WORK INSTRUCTIONS:
The copy you give must match the lines from the top of the data through the line containing "Nautica Crewneck Pocket Azules | kML9LOJU" exactly, and it must hold no pictures.

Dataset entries
..........
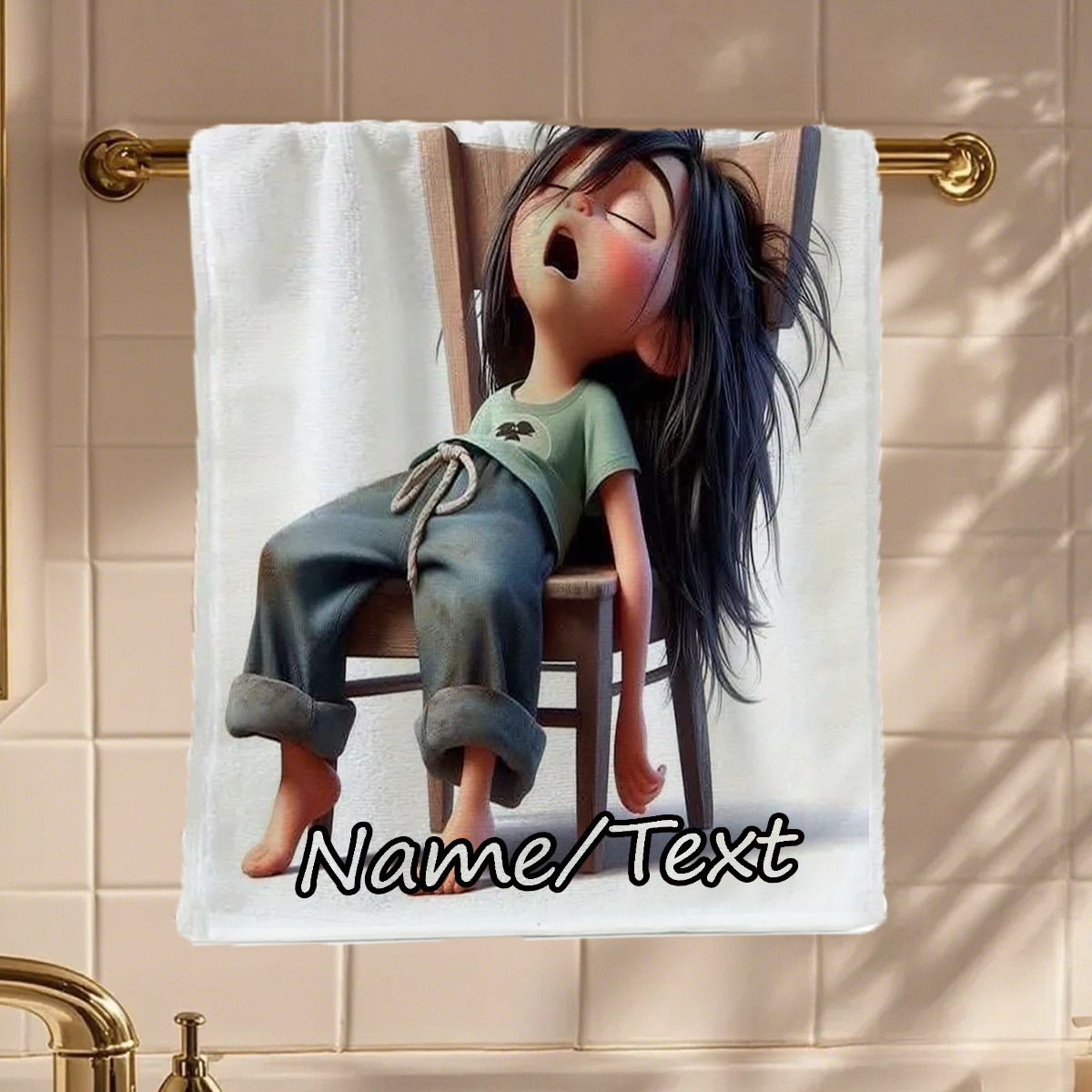 TEMU 2d Flat, 1pc, 3d Animated Theme Customizable Text Printing Towel, Name Customization Towel, 2d Flat Digital Printing , Essential Hand Towel For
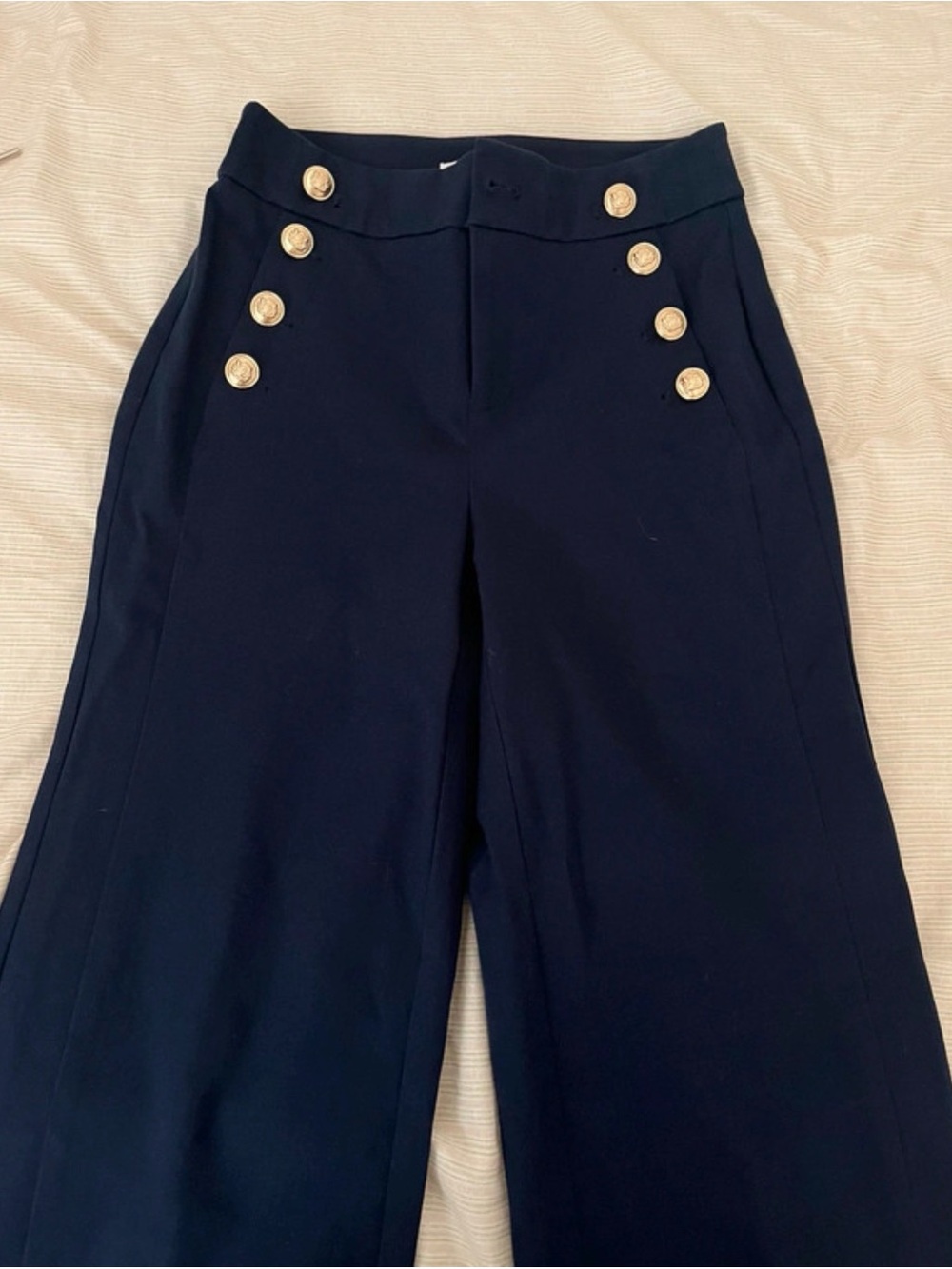 Charter Club Navy Wide-Leg Sailor Pants with Gold Buttons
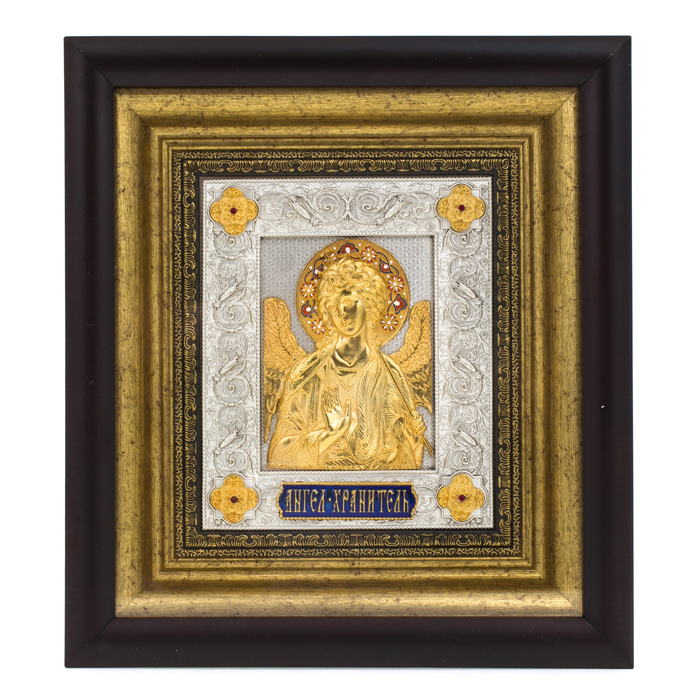 Икона "Ангел Хранитель" посеребрение с позолотой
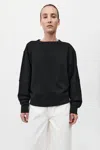 St Agni Organic Cotton Panelled Sweater In Black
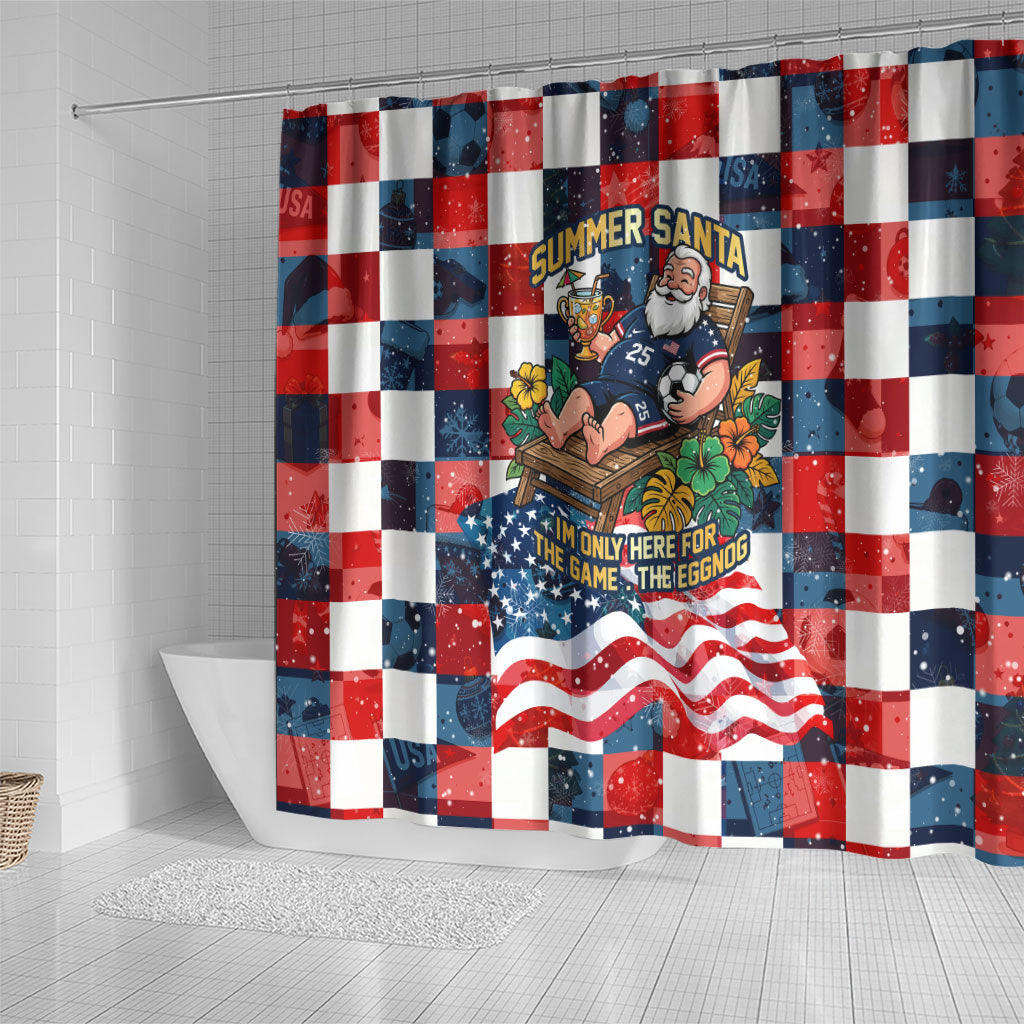 USA Soccer Summer Christmas In July Shower Curtain Summer Santa World Football 2026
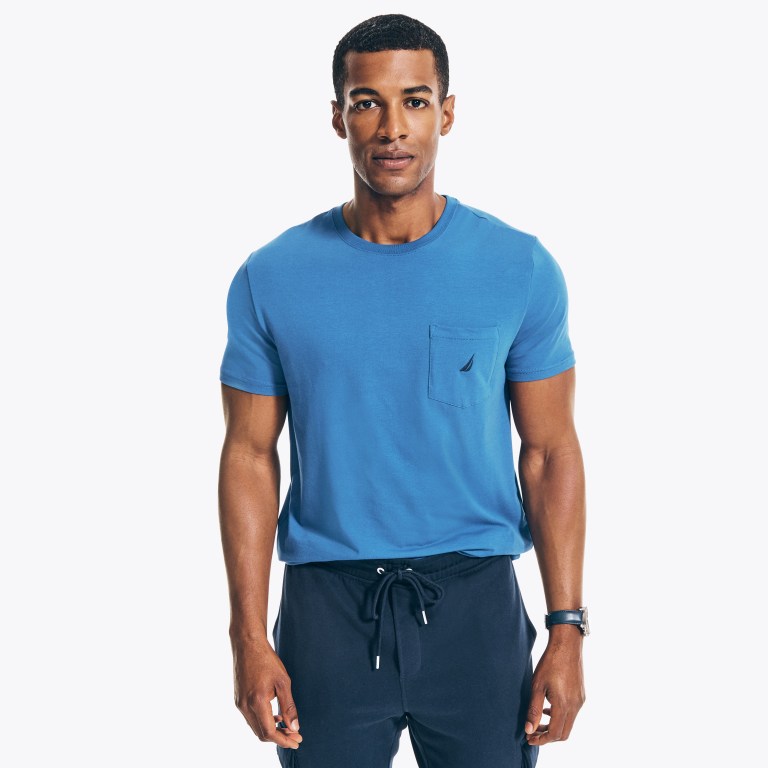 Nautica Crewneck Pocket Azules | kML9LOJU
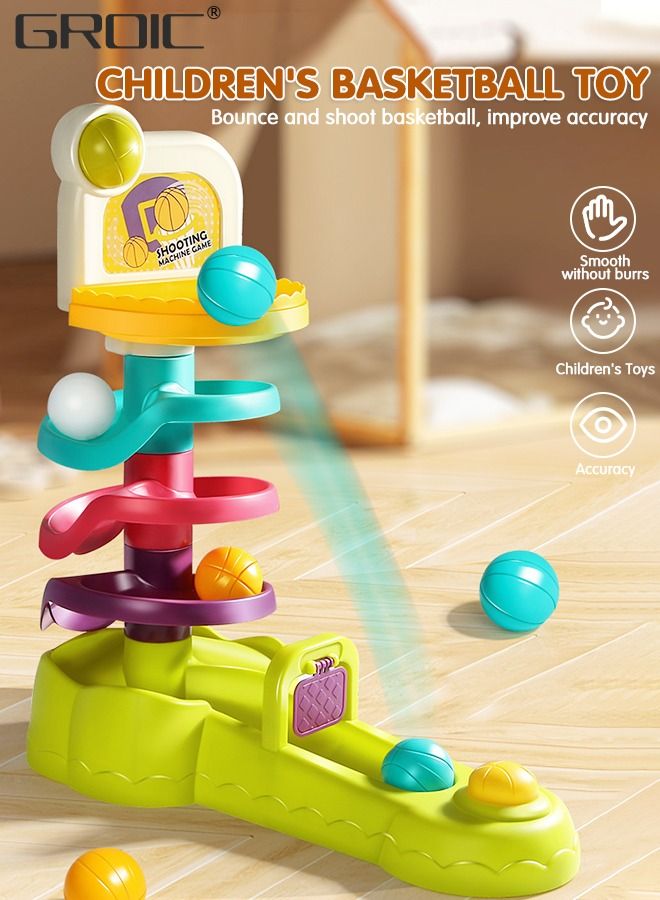 Ball Drop and Roll Swirling Tower for Baby and Toddler,Shooting Track Ball, Development Educational Toys,Drop and Go Ball Ramp Toy Set,Desktop Shooting Toy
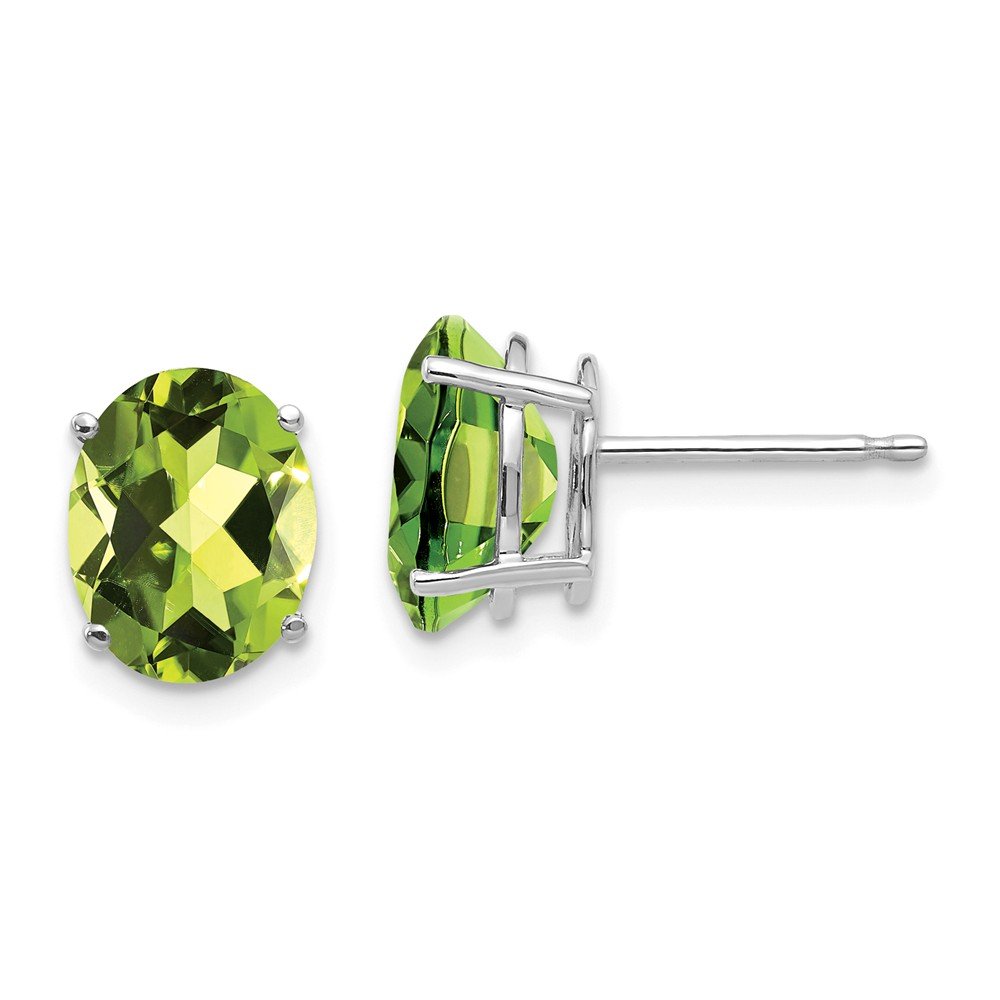 Solid 14k White Gold 9x7mm Oval Peridot Green August Gemstone Studs Earrings - 9mm x 7mm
..........
RESPONSE BELOW:
 TEMU 2d Flat, 1pc, 3d Animated Theme Customizable Text Printing Towel, Name Customization Towel, 2d Flat Digital Printing , Essential Hand Towel For
 Charter Club Navy Wide-Leg Sailor Pants with Gold Buttons
 Икона "Ангел Хранитель" посеребрение с позолотой
 St Agni Organic Cotton Panelled Sweater In Black
 USA Soccer Summer Christmas In July Shower Curtain Summer Santa World Football 2026
 Nautica Crewneck Pocket Azules | kML9LOJU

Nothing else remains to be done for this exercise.